Reputation: 1185
I have a very large dataset that is loaded in Hive (about 1.9 million rows and 1450 columns). I need to determine the "coverage" of each of the columns, meaning, the fraction of rows that have non-NaN values for each column.
Here is my code:
from pyspark import SparkContext
from pyspark.sql import HiveContext
import string as string
sc = SparkContext(appName="compute_coverages") ## Create the context
sqlContext = HiveContext(sc)
df = sqlContext.sql("select * from data_table")
nrows_tot = df.count()
covgs = sc.parallelize(df.columns)
.map(lambda x: str(x))
.map(lambda x: (x, float(df.select(x).dropna().count()) / float(nrows_tot) * 100.))

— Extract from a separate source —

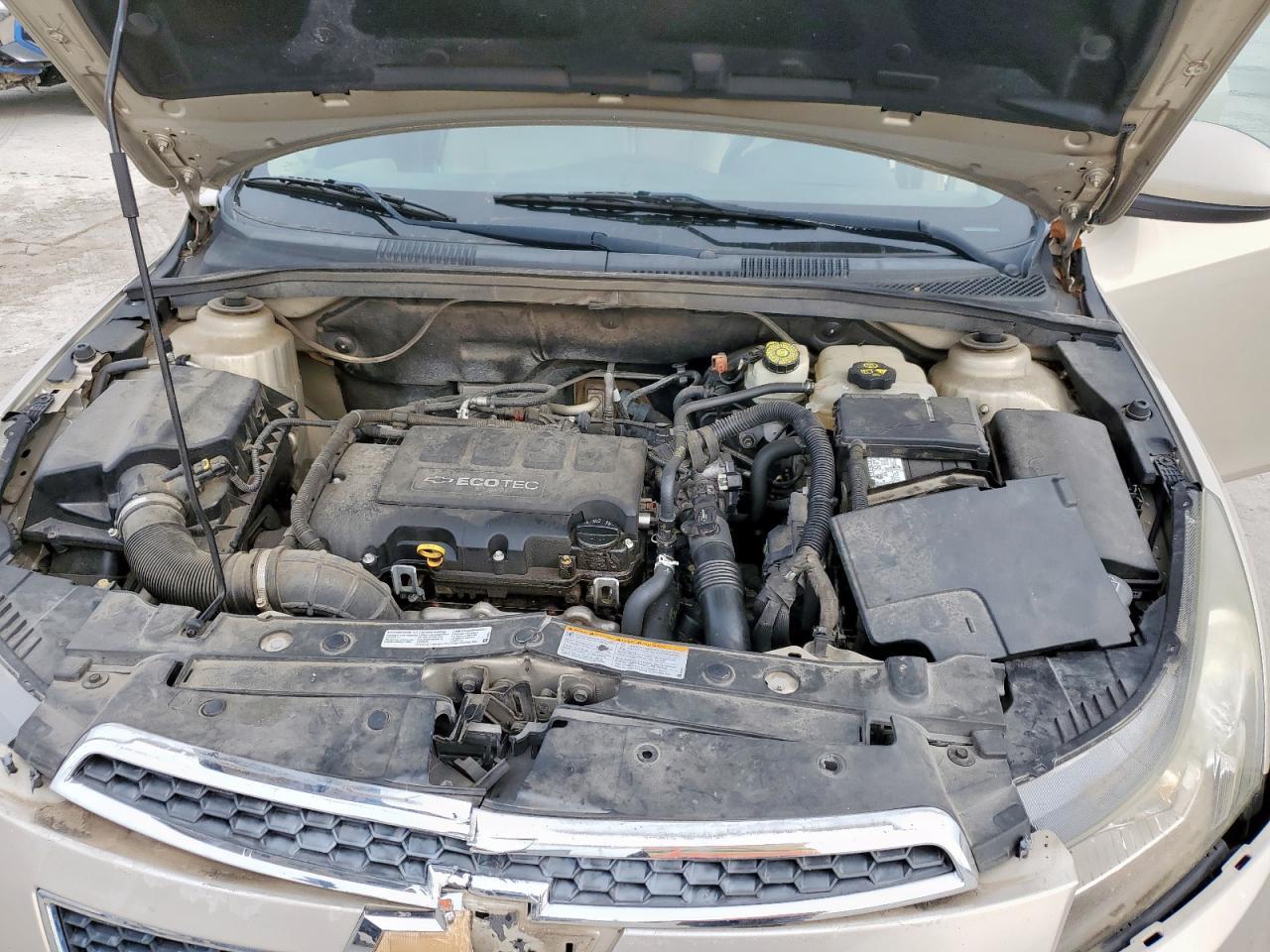 2011 CHEVROLET CRUZE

Trying this out in PySpark shell, if I then do covgs.take(10)
, it returns a rather large error stack. It says that there's a problem in save in the file /usr/lib64/python2.6/pickle.py
. This is the final part of the error:
py4j.protocol.Py4JError: An error occurred while calling o37.__getnewargs__. Trace: py4j.Py4JException: Method __getnewargs__([]) does not exist at py4j.reflection.ReflectionEngine.getMethod(ReflectionEngine.java:333) at py4j.reflection.ReflectionEngine.getMethod(ReflectionEngine.java:342) at py4j.Gateway.invoke(Gateway.java:252) at py4j.commands.AbstractCommand.invokeMethod(AbstractCommand.java:133) at py4j.commands.CallCommand.execute(CallCommand.java:79) at py4j.GatewayConnection.run(GatewayConnection.java:207) at java.lang.Thread.run(Thread.java:745)

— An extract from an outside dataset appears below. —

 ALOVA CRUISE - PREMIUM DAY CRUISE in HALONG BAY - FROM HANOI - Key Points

Is there a better way to accomplish this? I can't use pandas, though, as it's not currently available on the cluster I work on and I don't have access rights to install it.
Upvotes: 44
Views: 45607
Reputation: 24478
For string and numeric columns, summary
is convenient.
Count non-nulls:
df.summary("count").show()
Count non-NaN:
df.replace(float("nan"), None).summary("count").show()
Note. summary
would not return columns of other than string or numeric type (e.g. date type columns would be omitted from the result).
Full test:
df = spark.createDataFrame(
[(0.0, 1, 2, float("Nan")),
(None, 3, 4, 5.0),
(None, None, 6, 7.0),
(float("Nan"), 8, 9, 7.0)],
["v", "x", "y", "z"])
df.show()
# +----+----+---+---+
# | v| x| y| z|
# +----+----+---+---+
# | 0.0| 1| 2|NaN|
# |null| 3| 4|5.0|
# |null|null| 6|7.0|
# | NaN| 8| 9|7.0|
# +----+----+---+---+
df.summary("count").show()
# +-------+---+---+---+---+
# |summary| v| x| y| z|
# +-------+---+---+---+---+
# | count| 2| 3| 4| 4|
# +-------+---+---+---+---+
df.replace(float("nan"), None).summary("count").show()

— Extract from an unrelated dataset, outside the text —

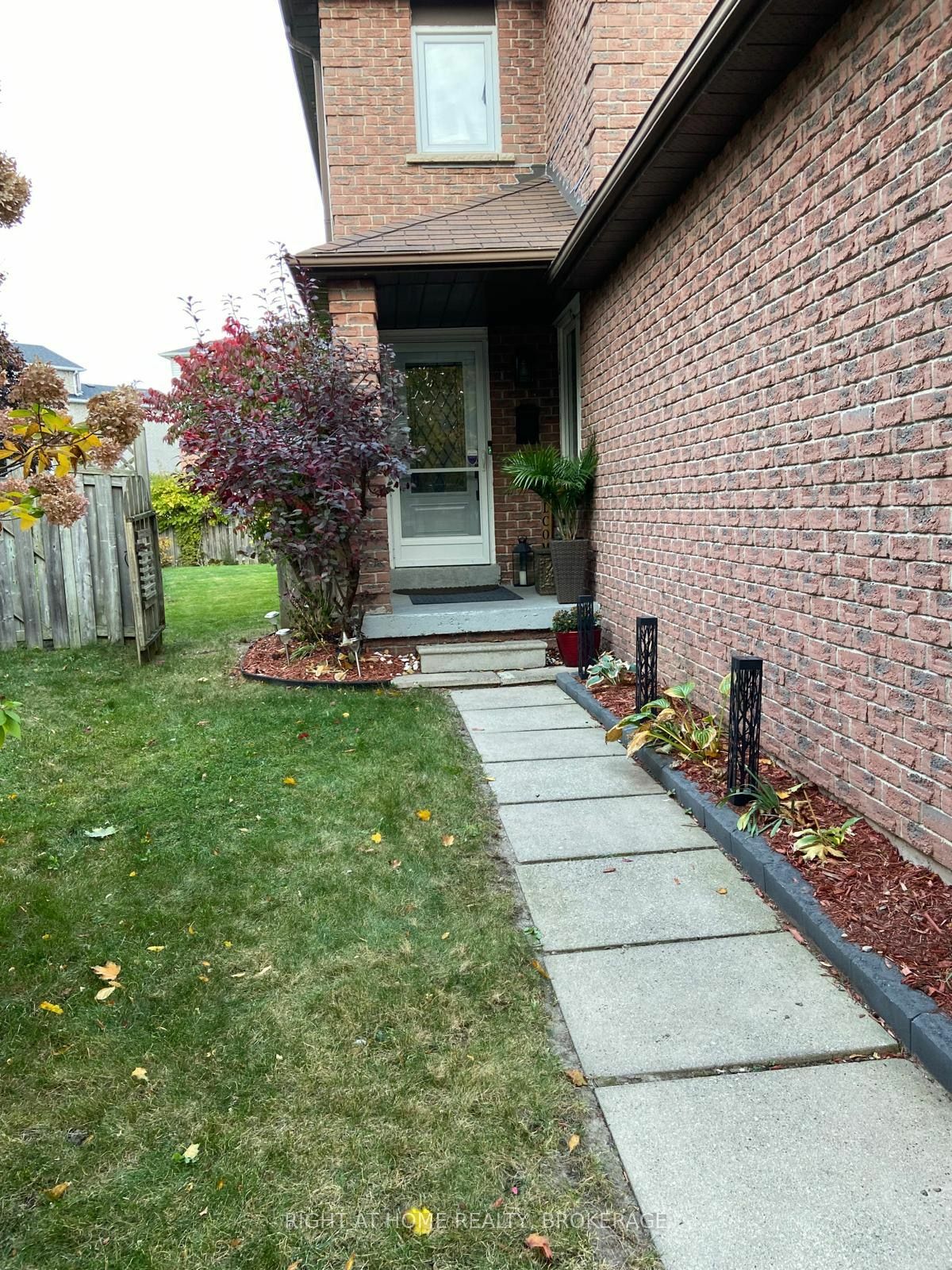 11 Eberlee Crt  Whitby ON L1N 8C9 photo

# +-------+---+---+---+---+
# |summary| v| x| y| z|
# +-------+---+---+---+---+
# | count| 1| 3| 4| 3|
# +-------+---+---+---+---+
Upvotes: 0
Reputation: 71
from pyspark.sql import functions as F
z = df.count()
(df.replace(float('nan'), None)
.agg(*[F.expr(f'count({col})/{z} as {col}') for col in df.columns])
).show()
Upvotes: 0
Reputation: 13778
You may got data type mismatch
Exception :
org.apache.spark.sql.AnalysisException: cannot resolve 'isnan(`date_hour`)' due to data type mismatch: argument 1 requires (double or float) type, however, '`date_hour`' is of timestamp type.;
Better select numerical columns at first:
from pyspark.sql.functions import *
def get_numerical_cols(df):
return [i.name for i in df.schema if str(i.dataType) in ('IntegerType', 'LongType', 'FloatType', 'DoubleType') ]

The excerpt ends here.